In a highly unusual art form, Pat McCarthy, from Esperance, WA, uses dried fish skins to recreate and reimagine the catches of his clients.

Story Hannah Siemer  Photos Rosie Henderson

Pat McCarthy spent much of his childhood catching waves around the quiet community of Denmark, 400km south-east of Perth. By his late teens, Pat had blended his love of surfing with his innate creativity by making surfboards.

Later, while living in the Kimberley region on a remote teaching post, a lack of surf saw Pat swap the board for a fishing rod, and the vibrancy and intricacy of the tuskfish and coral trout he was reeling in caught his artistic eye. “I loved the colours and the patterns,” Pat says. “We were throwing these sublime skins in the bin, and I figured there must be something we could do with them.”

So, Pat began experimenting using fish skins as a canvas, laying the skins down in panels and painting a fish over the top.
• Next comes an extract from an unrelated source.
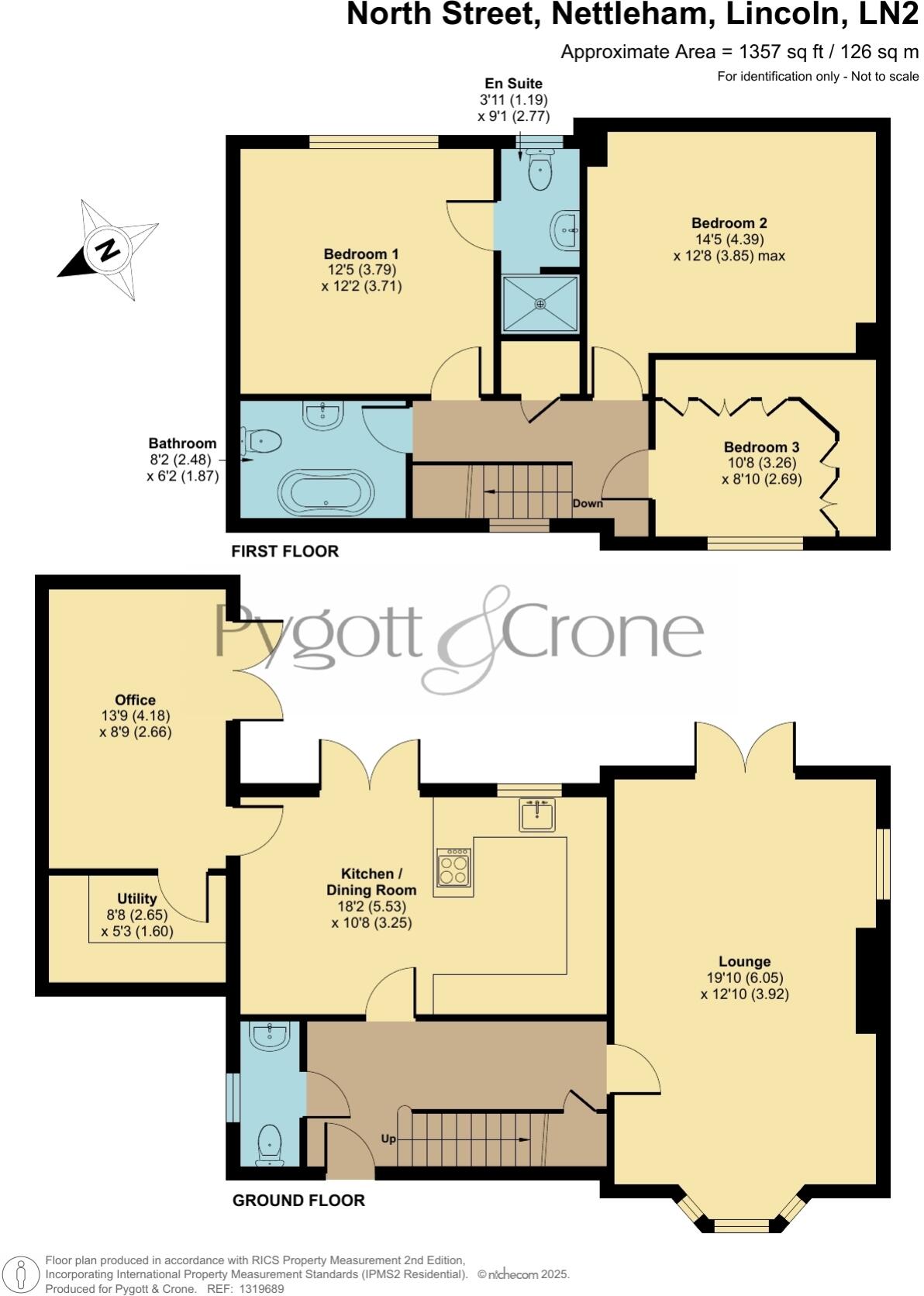 North Street, Nettleham, Lincoln, Lincolnshire, LN2 floorplan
In time, he transitioned to keeping each skin in its natural shape and incorporating it into the work, gluing the skin to timber and painting a fish around it.

Now based in Esperance, 720km south-east of Perth, Pat has completed many of these works and they can be found on the walls of fishing enthusiasts’ homes throughout WA and beyond. Called Fish on Fish Skins, Pat’s art is usually commissioned – he receives a skin from a fisher and immortalises the catch. For the sake of the postie, Pat asks that skins are well filleted, properly packaged and express-posted.